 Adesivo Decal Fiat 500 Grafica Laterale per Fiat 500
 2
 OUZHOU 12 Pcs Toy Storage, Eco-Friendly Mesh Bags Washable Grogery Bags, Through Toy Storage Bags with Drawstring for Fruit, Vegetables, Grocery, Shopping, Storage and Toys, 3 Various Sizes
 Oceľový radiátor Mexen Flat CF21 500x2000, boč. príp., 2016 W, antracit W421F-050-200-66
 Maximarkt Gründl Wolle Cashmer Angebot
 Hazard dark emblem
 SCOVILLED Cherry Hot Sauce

--

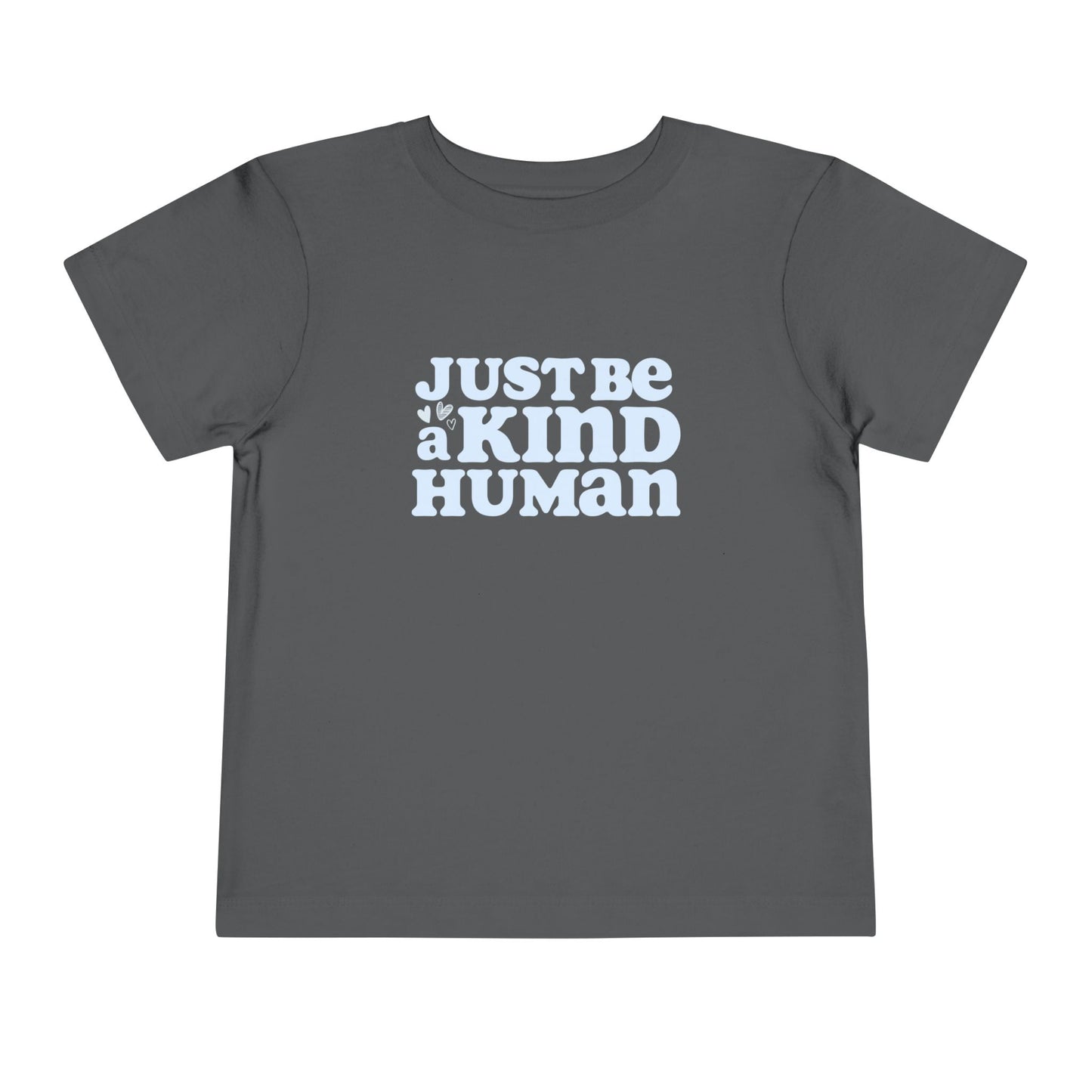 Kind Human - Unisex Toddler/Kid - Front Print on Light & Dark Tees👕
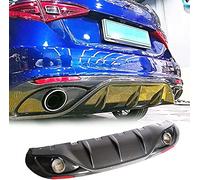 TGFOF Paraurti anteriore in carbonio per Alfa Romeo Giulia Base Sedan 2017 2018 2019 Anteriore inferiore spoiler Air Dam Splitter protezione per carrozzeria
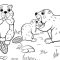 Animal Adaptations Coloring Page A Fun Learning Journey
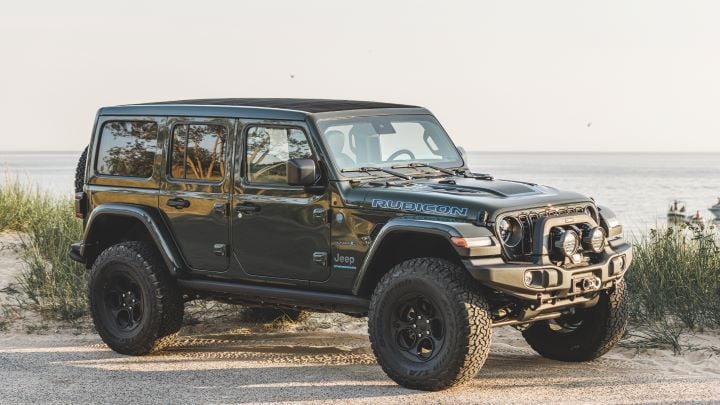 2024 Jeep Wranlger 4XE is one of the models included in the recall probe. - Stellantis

* [Exercise brief]: Keep to the lines above from the line with "Animal Adaptations Coloring" to the line with "2024 Jeep Wranlger", and set down exactly those, inclusive, with nothing else and every picture left out.

* [Answer to this problem]:
 Animal Adaptations Coloring Page A Fun Learning Journey
 2024 Jeep Wranlger 4XE is one of the models included in the recall probe. - Stellantis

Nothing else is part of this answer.